[Records to use — start]
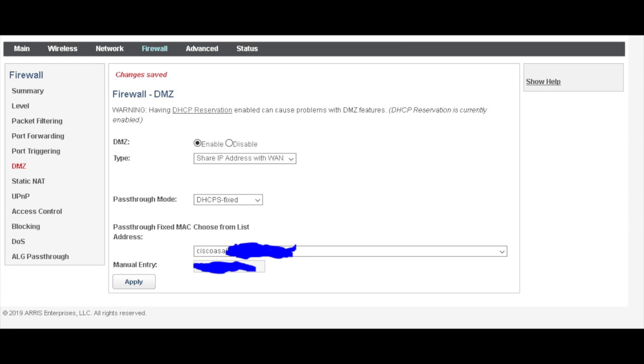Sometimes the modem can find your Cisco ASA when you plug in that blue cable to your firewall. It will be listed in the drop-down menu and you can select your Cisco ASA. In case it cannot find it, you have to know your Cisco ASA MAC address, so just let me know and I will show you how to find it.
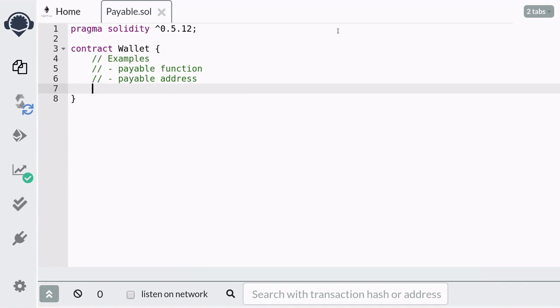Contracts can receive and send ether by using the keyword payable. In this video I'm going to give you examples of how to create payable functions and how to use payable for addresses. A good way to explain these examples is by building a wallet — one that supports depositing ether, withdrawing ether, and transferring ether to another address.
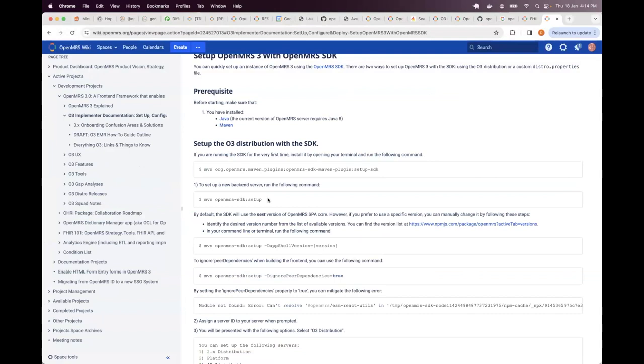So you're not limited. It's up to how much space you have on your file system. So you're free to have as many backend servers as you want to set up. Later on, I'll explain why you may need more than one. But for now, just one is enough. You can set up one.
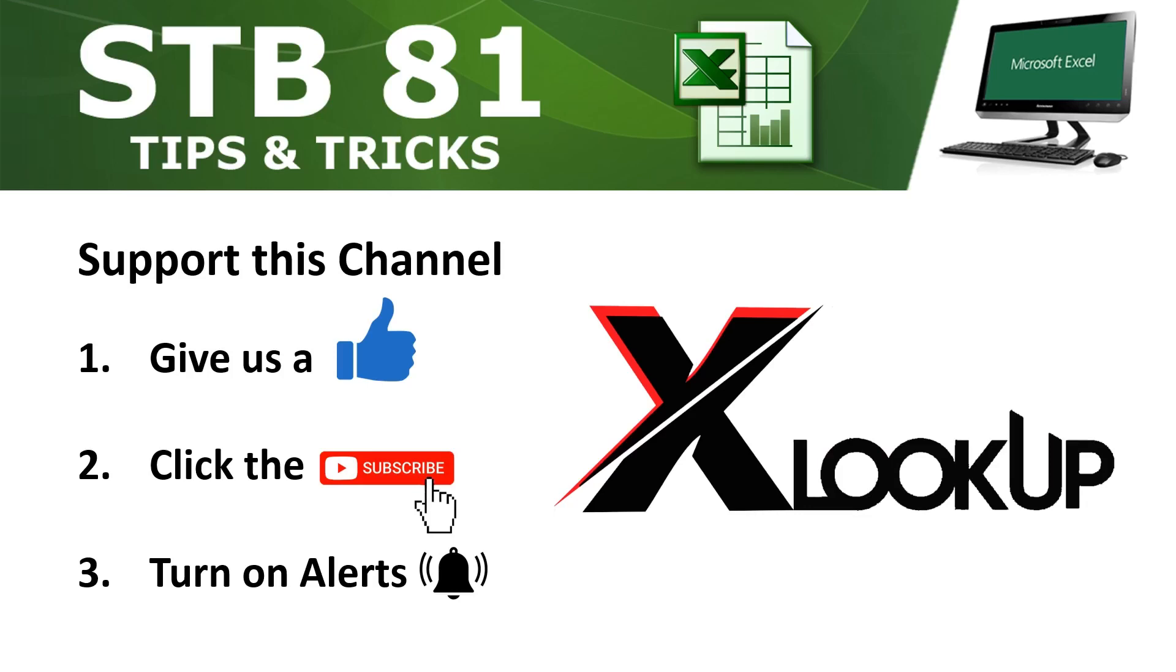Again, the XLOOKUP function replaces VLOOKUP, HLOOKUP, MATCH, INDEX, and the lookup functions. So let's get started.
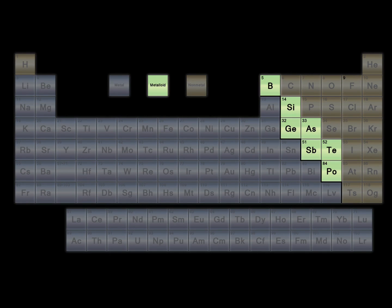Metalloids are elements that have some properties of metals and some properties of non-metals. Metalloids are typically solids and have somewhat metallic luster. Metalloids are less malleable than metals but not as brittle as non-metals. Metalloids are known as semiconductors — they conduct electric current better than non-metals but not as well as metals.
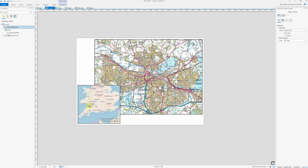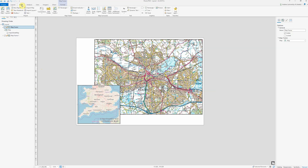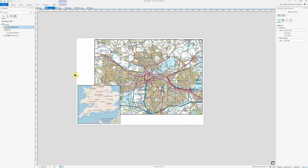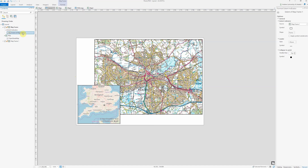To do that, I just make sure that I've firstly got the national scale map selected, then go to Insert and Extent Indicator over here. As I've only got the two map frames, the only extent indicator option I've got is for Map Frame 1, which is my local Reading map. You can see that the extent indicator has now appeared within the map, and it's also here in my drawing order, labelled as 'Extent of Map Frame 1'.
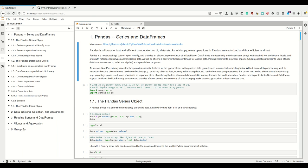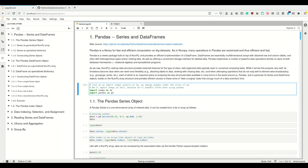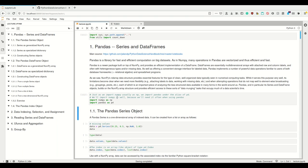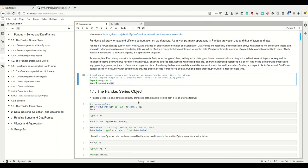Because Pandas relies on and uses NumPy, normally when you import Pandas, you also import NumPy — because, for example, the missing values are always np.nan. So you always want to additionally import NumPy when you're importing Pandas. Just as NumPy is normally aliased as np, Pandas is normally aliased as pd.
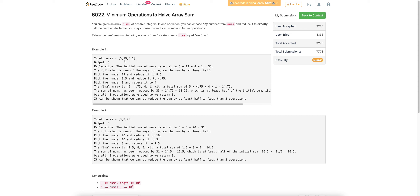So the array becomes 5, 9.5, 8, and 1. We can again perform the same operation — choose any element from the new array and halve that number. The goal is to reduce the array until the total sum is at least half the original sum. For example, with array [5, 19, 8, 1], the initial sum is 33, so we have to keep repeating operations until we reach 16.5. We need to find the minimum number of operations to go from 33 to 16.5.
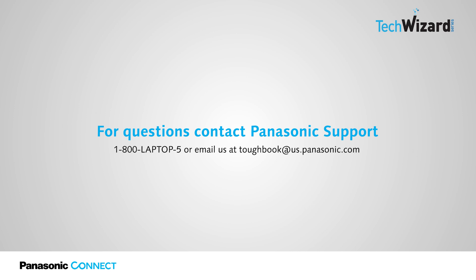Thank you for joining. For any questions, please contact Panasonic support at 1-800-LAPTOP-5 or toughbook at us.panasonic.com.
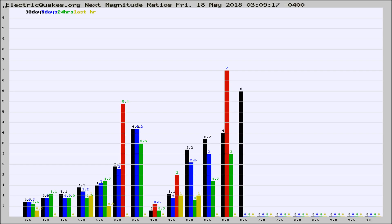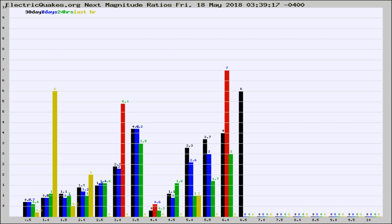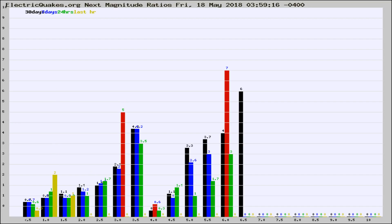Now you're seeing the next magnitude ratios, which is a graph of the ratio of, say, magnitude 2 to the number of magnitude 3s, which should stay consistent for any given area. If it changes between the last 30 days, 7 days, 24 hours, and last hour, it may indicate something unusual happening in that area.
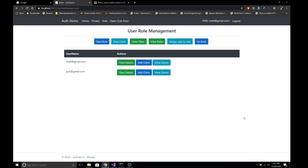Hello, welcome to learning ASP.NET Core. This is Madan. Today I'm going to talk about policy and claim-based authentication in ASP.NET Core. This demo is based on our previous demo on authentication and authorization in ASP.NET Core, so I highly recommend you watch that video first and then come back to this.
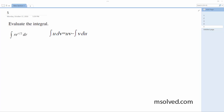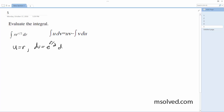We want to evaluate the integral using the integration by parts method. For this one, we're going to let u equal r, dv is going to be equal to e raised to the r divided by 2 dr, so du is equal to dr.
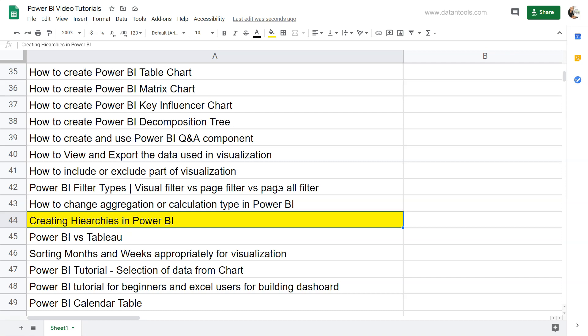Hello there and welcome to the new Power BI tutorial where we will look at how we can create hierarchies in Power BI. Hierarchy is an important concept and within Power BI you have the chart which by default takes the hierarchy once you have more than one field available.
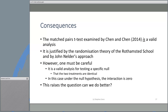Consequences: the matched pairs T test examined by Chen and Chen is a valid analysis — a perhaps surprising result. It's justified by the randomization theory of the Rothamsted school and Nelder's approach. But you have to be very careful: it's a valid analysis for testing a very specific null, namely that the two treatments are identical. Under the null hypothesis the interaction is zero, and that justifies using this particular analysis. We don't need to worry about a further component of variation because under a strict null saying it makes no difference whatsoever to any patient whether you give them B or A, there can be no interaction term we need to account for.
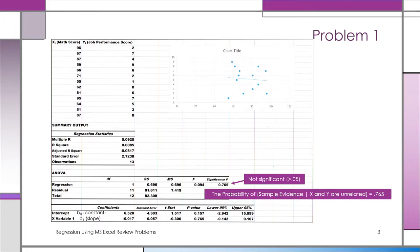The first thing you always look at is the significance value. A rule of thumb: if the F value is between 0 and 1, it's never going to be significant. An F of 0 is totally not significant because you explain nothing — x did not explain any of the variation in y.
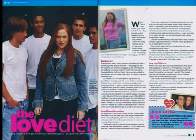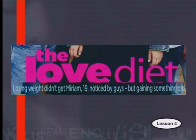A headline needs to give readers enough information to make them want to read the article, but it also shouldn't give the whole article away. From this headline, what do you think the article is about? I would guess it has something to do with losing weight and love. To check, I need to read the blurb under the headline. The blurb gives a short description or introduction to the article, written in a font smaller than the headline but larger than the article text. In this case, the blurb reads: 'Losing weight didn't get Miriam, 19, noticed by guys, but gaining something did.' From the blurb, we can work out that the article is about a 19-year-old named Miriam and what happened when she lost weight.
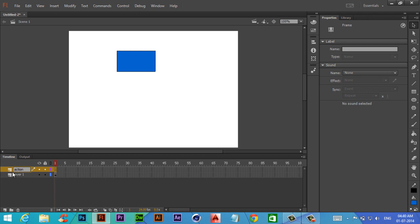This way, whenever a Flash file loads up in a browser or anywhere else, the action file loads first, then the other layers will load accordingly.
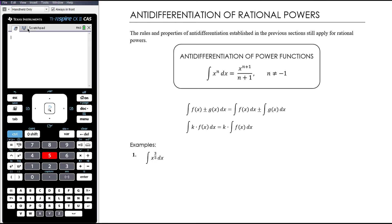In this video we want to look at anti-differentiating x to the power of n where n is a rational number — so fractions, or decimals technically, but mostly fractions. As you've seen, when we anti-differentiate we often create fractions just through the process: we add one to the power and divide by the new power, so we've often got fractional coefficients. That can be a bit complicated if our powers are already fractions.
[Records to use — finish]
[Records to use — start]
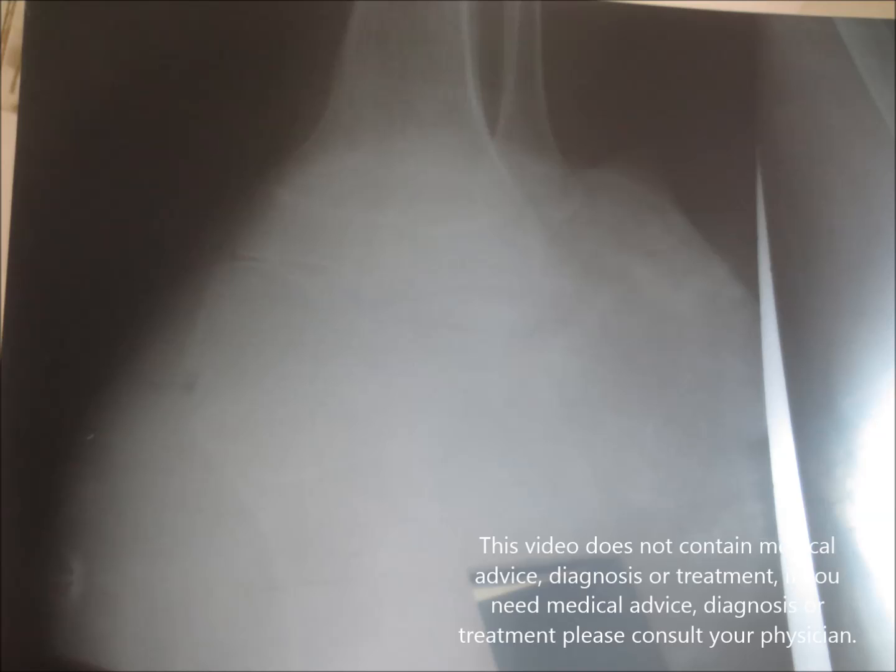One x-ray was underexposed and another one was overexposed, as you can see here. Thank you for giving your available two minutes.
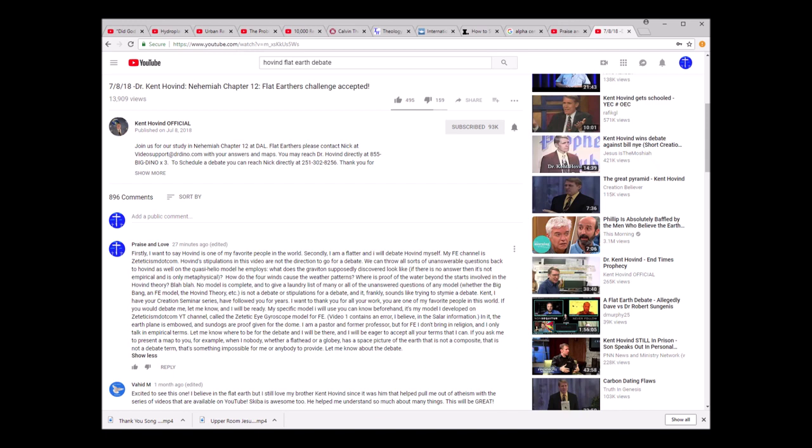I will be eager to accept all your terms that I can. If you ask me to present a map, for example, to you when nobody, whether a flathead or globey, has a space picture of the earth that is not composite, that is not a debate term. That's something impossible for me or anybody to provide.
[Records to use — finish]
[Records to use — start]
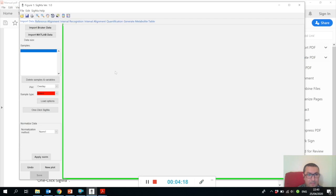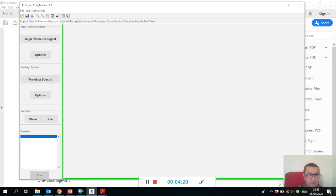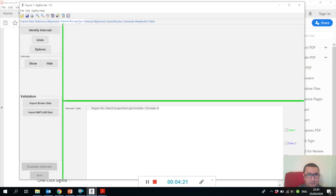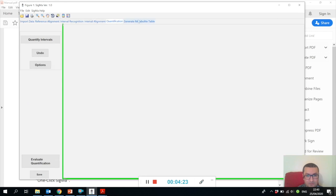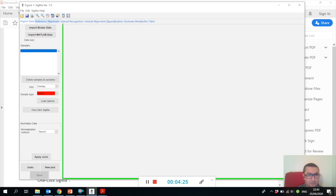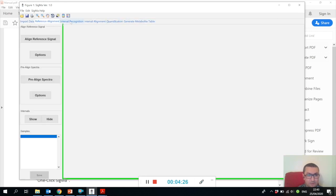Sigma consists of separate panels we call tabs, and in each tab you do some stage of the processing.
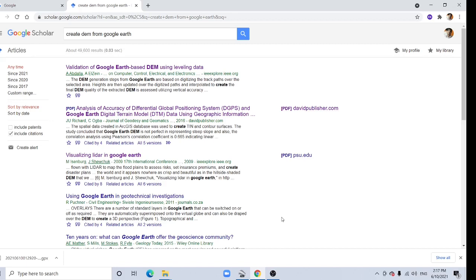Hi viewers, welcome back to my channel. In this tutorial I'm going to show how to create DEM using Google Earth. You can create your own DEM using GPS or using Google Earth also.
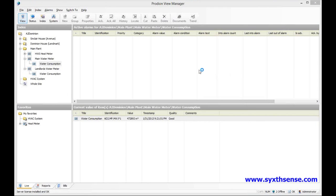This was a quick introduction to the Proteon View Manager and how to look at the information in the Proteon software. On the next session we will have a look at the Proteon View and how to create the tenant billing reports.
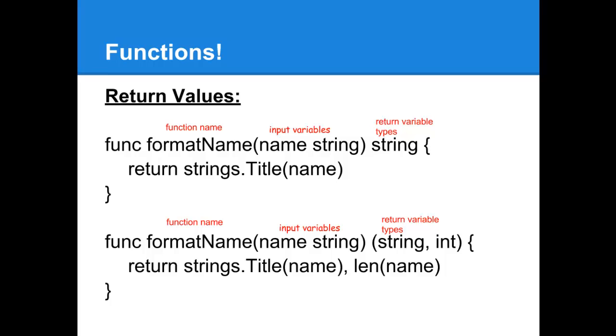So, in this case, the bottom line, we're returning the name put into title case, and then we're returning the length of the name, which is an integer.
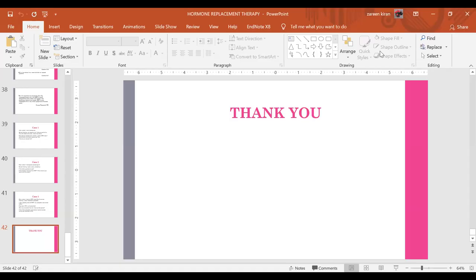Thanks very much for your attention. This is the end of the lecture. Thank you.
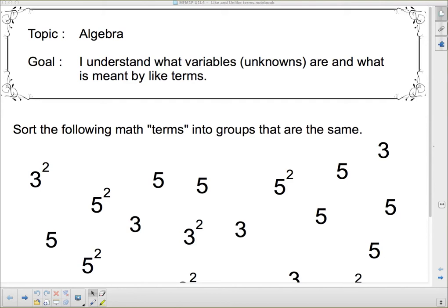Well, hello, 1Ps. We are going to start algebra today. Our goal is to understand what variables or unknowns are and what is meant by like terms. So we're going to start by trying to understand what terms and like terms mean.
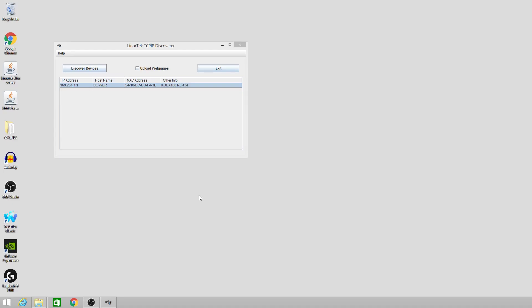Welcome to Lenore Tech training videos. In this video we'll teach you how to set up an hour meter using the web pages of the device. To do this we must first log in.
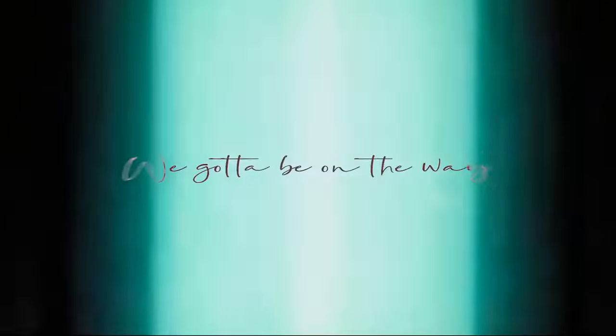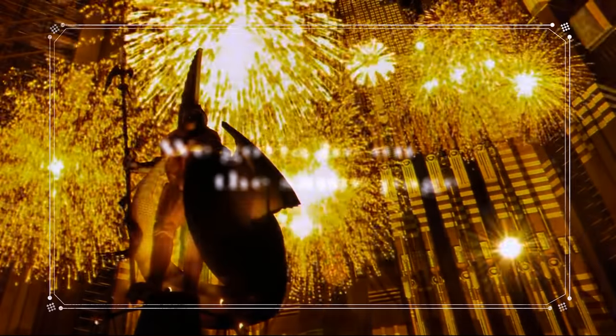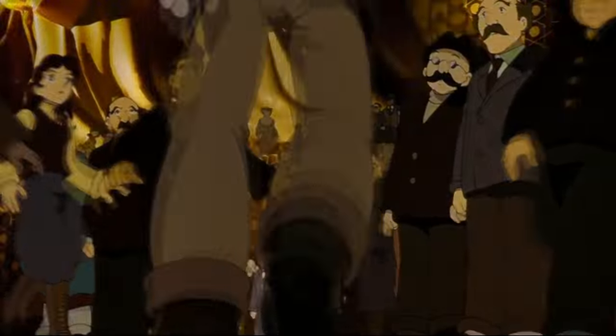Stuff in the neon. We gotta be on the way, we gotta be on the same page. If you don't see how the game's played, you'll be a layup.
[Records to use — finish]
# What is needed
Starting at the line above that holds "Contracts can receive", repeat every line exactly down to and including the line that holds "To do that, I", then stop. Do not carry over any pictures.

# Expected answer
Contracts can receive and send ether by using the keyword payable. In this video I'm going to give you examples of how to create payable functions and how to use payable for addresses. A good way to explain these examples is by building a wallet — one that supports depositing ether, withdrawing ether, and transferring ether to another address.
So you're not limited. It's up to how much space you have on your file system. So you're free to have as many backend servers as you want to set up. Later on, I'll explain why you may need more than one. But for now, just one is enough. You can set up one.
Again, the XLOOKUP function replaces VLOOKUP, HLOOKUP, MATCH, INDEX, and the lookup functions. So let's get started.
Metalloids are elements that have some properties of metals and some properties of non-metals. Metalloids are typically solids and have somewhat metallic luster. Metalloids are less malleable than metals but not as brittle as non-metals. Metalloids are known as semiconductors — they conduct electric current better than non-metals but not as well as metals.
To do that, I just make sure that I've firstly got the national scale map selected, then go to Insert and Extent Indicator over here. As I've only got the two map frames, the only extent indicator option I've got is for Map Frame 1, which is my local Reading map. You can see that the extent indicator has now appeared within the map, and it's also here in my drawing order, labelled as 'Extent of Map Frame 1'.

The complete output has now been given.